Ölwechsel vom Profi
Ratgeber

Motoröl: Lebenselixier fürs Auto

Autor:
Redaktion

Wer seinem Motor einmal wieder etwas Gutes gönnen möchte, der steuert die nächste Werkstatt an und lässt sich die Ölwanne neu befüllen.

Autofahrern, die nicht ständig an das Wohl ihres Wagens denken, hilft ein Blick auf den Tacho: Liegen zwischen dem letzten Wechsel zwischen 15.000 bis 30.000 Kilometer, muss neues Schmiermittel her. Einen kompletten Ölwechsel bieten Kfz-Betriebe schon für unter 100 Euro an. Darin eingeschlossen ist nicht nur der Rohstoff, sondern auch die fachgerechte Befüllung, Entsorgung und jede Menge Zeit und Mühe.
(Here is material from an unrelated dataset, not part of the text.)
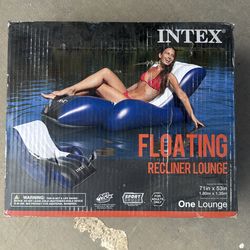 Floating recliner lounge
Ein stabiler Ölfilm ist wichtig, damit Kolben und Zylinder miteinander harmonieren. Laufen alle Teile im Auto wie geschmiert, steigt die Motorleistung und der Kraftstoffverbrauch sinkt. Umgekehrt belastet ein geringer Ölstand die Lebensdauer des Motors. Kommt es hart auf hart, versagt er sogar ganz. Und bei der Diagnose Kolbenfresser schlucken selbst hartgesottene Autotüftler. 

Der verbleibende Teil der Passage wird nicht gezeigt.